Are we in AI’s subsidy phase?
Frontier AI providers such as OpenAI and Anthropic operate in an environment defined by extraordinary GPU demand, massive capital expenditure, intense competition for talent and the pressure to scale quickly. And for the past few years, artificial intelligence has felt impossibly cheap - as tech giants subsidise the cost of intelligence to win the ecosystem war.
But current API pricing for frontier models (GPT-4o, Claude 3.5, Gemini 1.5) does not reflect the massive capital expenditure required to build and power them and today’s token pricing may not reflect long term equilibrium costs.
“For every $1 hyperscalers earn from AI, they’re spending $12 building more capacity. That’s the bet embedded in $575 billion of capital expenditure this year.”
Tomasz Tunguz, Venture Capitalist at Theory Ventures
We’re operating in an artificial economic bubble where (just like with Uber rides) ‘reasoning’ is being sold below cost. Meaning that, if inference pricing were to increase two to three times over the next several years (whether due to profitability pressure, compute constraints or market consolidation) the implications would be significant.
And with many commentators now making observations about an impossibility of return on the capital invested (Tomasz Tunguz for example estimates a required 5 to 8x growth in five years1), if your business model relies on $0.01-per-token reasoning to be profitable, there is certainly reason to be concerned.
Could prices actually fall?
Of course it could be possible that AI becomes cheaper rather than more expensive.

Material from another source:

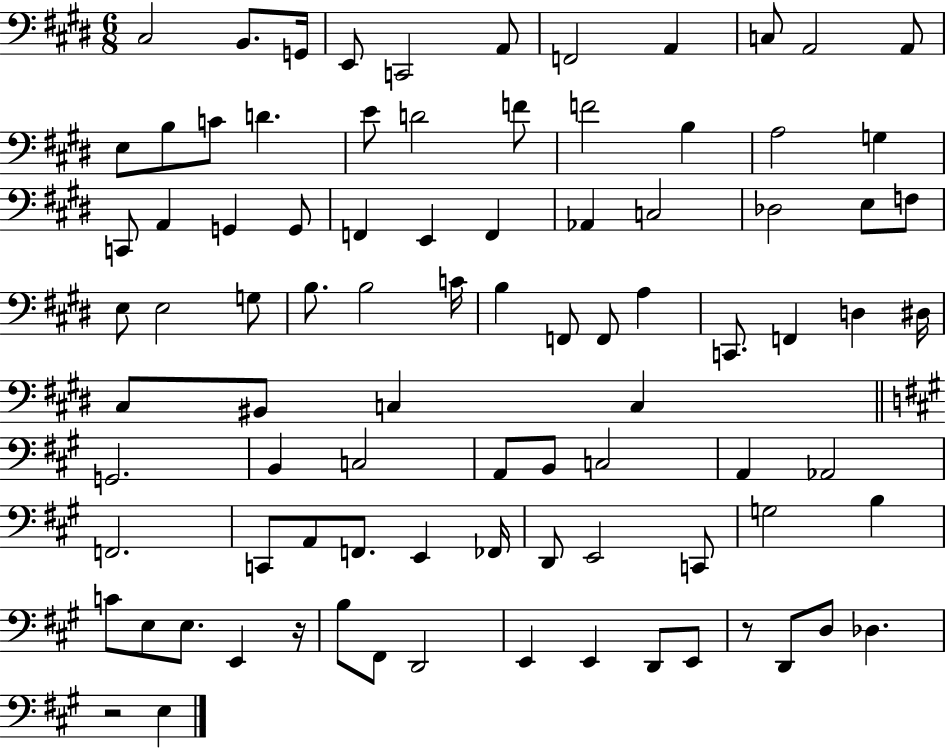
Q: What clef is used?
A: bass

Economies of scale, hardware improvements and competition could all potentially push costs down over time, but maybe whether prices rise or fall isn’t really the question. Perhaps instead we should be asking whether today’s pricing reflects a sustainable set of economics that can be relied upon to make decisions that last the long term.
Why the concern?
Startups are replacing engineering teams with prompts; enterprises are shrinking development budgets; solo founders are shipping products that once required entire departments. Is this sustainable?
The temptation to replace engineering teams with simple prompt interfaces is a bet on the permanent stability of today’s subsidy-phase pricing. But If the market economics fundamentally reorganise, what happens then?
Unchecked, and if AI pricing later normalises upward, the outcome is inevitable: fewer experienced developers in the market, a weakened junior talent pipeline, the loss of institutional knowledge and - ultimately - higher replacement costs.
And while taxis still existed after Uber prices rose, this entire market reorganising itself around temporary economics is an erosion of human capability that could take years to rebuild.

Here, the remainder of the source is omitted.